シワのような小さなものは要観察。地割れのようなものは危険

 タイヤのひび割れを問題アリ・ナシなしと判断する基準は、ひびの大きさと深さです。初期はシワのようなもので、それが徐々に大きく深くなります。シワが小さなひび割れとなったら要注意です。

 その時点で、整備工場やタイヤ専門店に点検を依頼すべきでしょう。プロの目でひび割れの進行度を判断してもらうとともに、そのひびがどこまで深く大きくなったら危険になるのかを確認しておきます。もし、小さなうちに見過ごしてしまい、発見時には地割れのような深く大きなひび割れとなっているようなら即交換です。

 ひび割れが接地面(トレッド)の溝の間ではなく、側面(サイドウォール)や、両者の間にあるショルダー部に生じている場合は、より危険度が高くなります。接地面は地面に触れる部分なので、もともと素材の厚みや強度がありますが、側面やショルダーは変形して地面からのショックを吸収するために、薄く、しなやかなゴムが使われています。

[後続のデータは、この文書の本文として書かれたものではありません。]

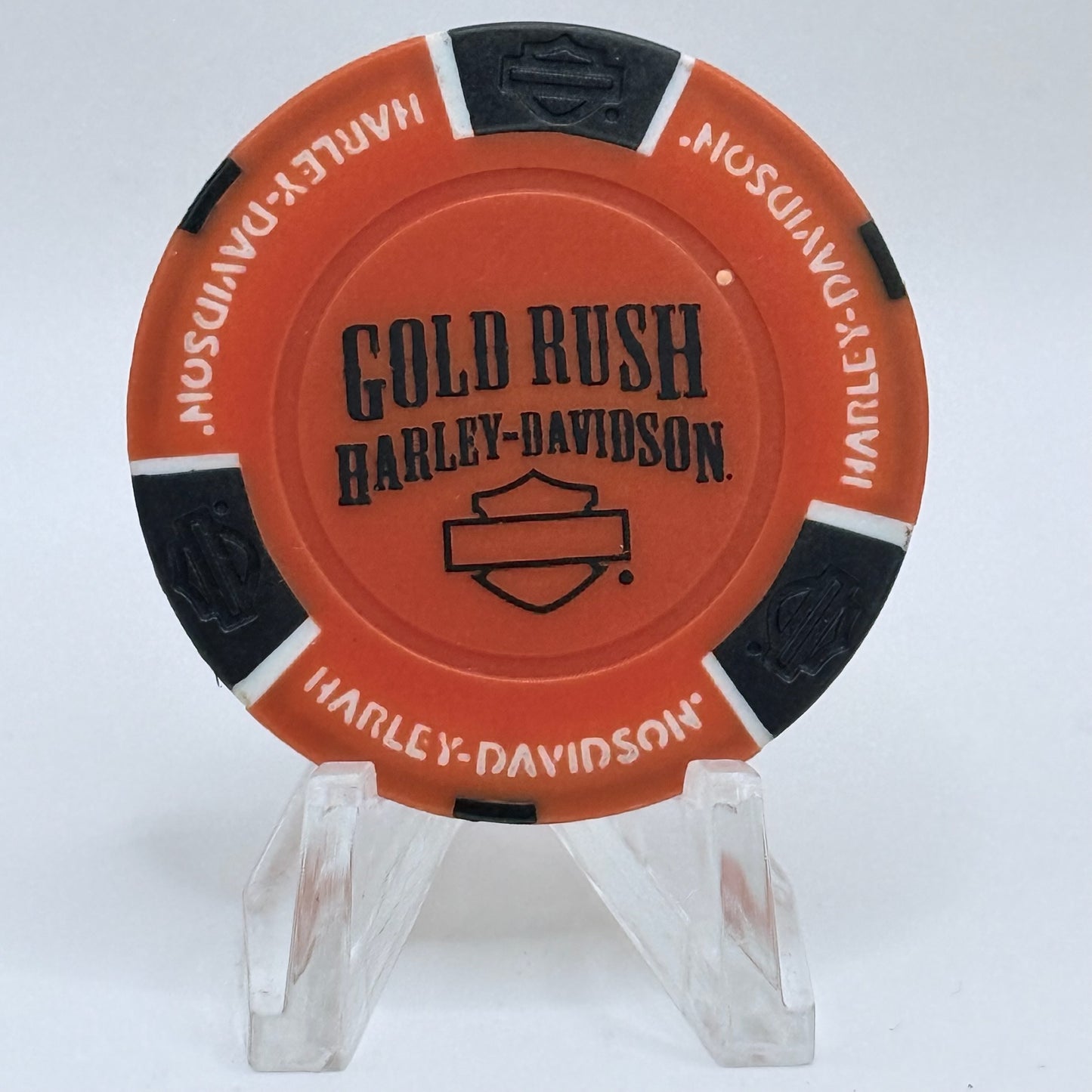 Harley-Davidson - Gold Rush Elko Nevada Advertising Chips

そのため、見た目は浅く小さいひび割れでも、カーカスやベルトやビートまで達している可能性があるのです。

 また、ひび割れはタイヤの空気圧や洗車の仕方、タイヤの保管状況によってさらに悪化する可能性があります。中でも空気圧不足は一番の大敵です。空気圧が足りないとタイヤは正常な形状を保てなくなり、サイドウォールに歪み、ひび割れが生じやすくなります。また、定められた重量以上のものを積載して走行することも、サイドウォールを歪ませることにつながるので、空気圧とともに積載物の重量にも配慮する必要があります。


バーストし、ひしゃげたタイヤのイメージ(画像:Akhararat Wathanasing/123RF)。

 過度な洗車もタイヤに悪影響を及ぼします。タイヤの洗浄をしすぎると、泥汚れとともに油分まで流してしまうことになり、ひび割れが起きやすくなります。また洗車剤が残っているような不完全なすすぎもNGです。適量の洗剤で洗車し、よくすすぐことを心がけるべきでしょう。

 タイヤを保管する際は、紫外線によるゴムの劣化を避けるため、直射日光を避け、日陰や保管用のタイヤカバーで覆うなどの対策が、安全に長持ちさせるための必須条件となります。